While systems with 2 temporal dimensions are still uncommon, the trend is towards system architects designing applications, databases and data warehouses with 2 time dimensions. Although bi-temporal systems are straightforward in theory, implementation and subsequent maintenance can be awkward at best and ensuring data consistency a major factor.
A single time dimension is often used in databases and data warehouses. This is usually implemented with two columns representing the start date and the end date; i.e. a customer address was valid from 2001-01-01 to 2004-04-12 and then a new address was valid from 2004-04-13 until 2008-01-01 and so on. This one-dimensional model, also referred to in data warehousing as a “Slowly changing dimension, type II” is simple to understand and, in most cases, offer sufficient information on the single time axis. This date range represents what the values are for any point in time.
By adding one more time dimension, it is possible to also determine when these values were changed or modified in the database. This is now bi-temporal or 2-dimensional. Given the address change above there is no information as when that change was made, if it weren’t entered into the system until 2012-01-01 then any reports run in 2011 that used the address in any way would suddenly report a different value for past events than the same report run in 2012. At the heart of 2-dimensional data storage lies the ability to ensure that every database query returns the same result regardless of when it is made.
By adding 2 temporal dimensions the state of a database can be recreated for any point in time.

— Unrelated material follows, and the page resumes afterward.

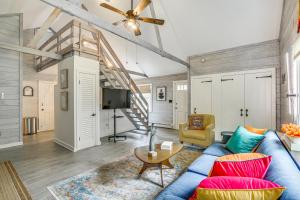 ein Wohnzimmer mit einem blauen Sofa und einem Fernseher in der Unterkunft Serene Holmes Cottage Near Lakes and Trails! in Pawling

Any state of a record can be retrieved using a SELECT that contains 2 points in time:
– The technical point in time, i.e. a “snapshot” of the physical database contents.
– The effective point in time for the data that is to be queried.
While the query side is straightforward, and the database only needs some additional columns; ensuring that changes are historised correctly involve several computational steps and this site offers a DataStage operator called the “Hist-Op” which allows a flexible implementation of a 2-dimensional model to be efficiently used with DataStage.